Evidently AI is an open-source tool designed to help monitor and evaluate machine learning models and data throughout their lifecycle. It provides automated reports and dashboards that make it easy to understand data quality, detect drift, and assess model performance without writing complex custom code. This is especially useful in production environments where data and model behavior can change over time, potentially impacting predictions and business decisions.
Validating model training
Data and model quality checks during training
For the training process, Evidently offers features like data profiling, which summarizes the distribution of features in your training dataset, and data drift detection, which compares training and validation datasets to ensure they are consistent.

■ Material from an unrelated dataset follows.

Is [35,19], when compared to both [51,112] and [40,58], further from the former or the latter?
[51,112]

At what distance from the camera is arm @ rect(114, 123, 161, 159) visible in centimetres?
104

Field-specific considerations during training
When building machine learning models – for example, for oil exploration, such as predicting reservoir quality (a regression problem) or classifying rock types from well log data (a classification problem) – it’s important to ensure that the data used for training is consistent and representative. Evidently helps by providing detailed data profiling and drift detection during the training phase. For example, if you are training a model to predict porosity from well logs, Evidently can generate reports showing the distribution of key features like gamma-ray or density logs. This helps confirm that the training dataset is balanced and does not contain anomalies that could bias the model. By integrating Evidently with MLFlow, you can log these reports alongside your model versions, making it easier to track data quality over time.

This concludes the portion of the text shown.